■ **The records**
+--

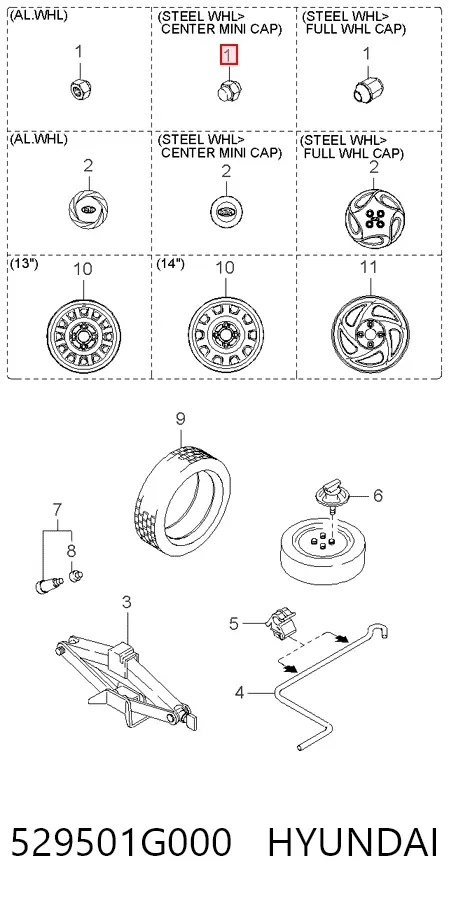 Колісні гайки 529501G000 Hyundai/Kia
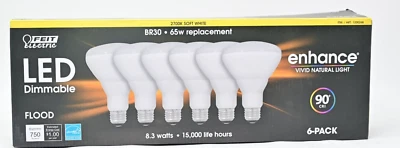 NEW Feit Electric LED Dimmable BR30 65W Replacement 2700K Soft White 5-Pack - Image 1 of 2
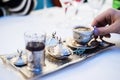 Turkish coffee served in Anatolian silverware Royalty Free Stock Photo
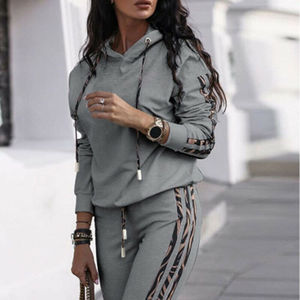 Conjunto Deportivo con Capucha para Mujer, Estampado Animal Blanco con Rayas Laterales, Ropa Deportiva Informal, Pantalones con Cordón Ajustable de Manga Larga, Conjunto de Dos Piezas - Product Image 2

+--

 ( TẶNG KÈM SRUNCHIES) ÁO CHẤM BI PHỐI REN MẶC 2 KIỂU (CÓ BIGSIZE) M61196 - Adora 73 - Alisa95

+--

■ **What you need to do**
Without the pictures, give again exactly the lines above starting at the line containing "Колісні гайки 529501G000 Hyundai/Kia" and ending at the line containing "Conjunto Deportivo con".

■ **Exercise solution**
 Колісні гайки 529501G000 Hyundai/Kia
 NEW Feit Electric LED Dimmable BR30 65W Replacement 2700K Soft White 5-Pack - Image 1 of 2
 Turkish coffee served in Anatolian silverware Royalty Free Stock Photo
 Conjunto Deportivo con Capucha para Mujer, Estampado Animal Blanco con Rayas Laterales, Ropa Deportiva Informal, Pantalones con Cordón Ajustable de Manga Larga, Conjunto de Dos Piezas - Product Image 2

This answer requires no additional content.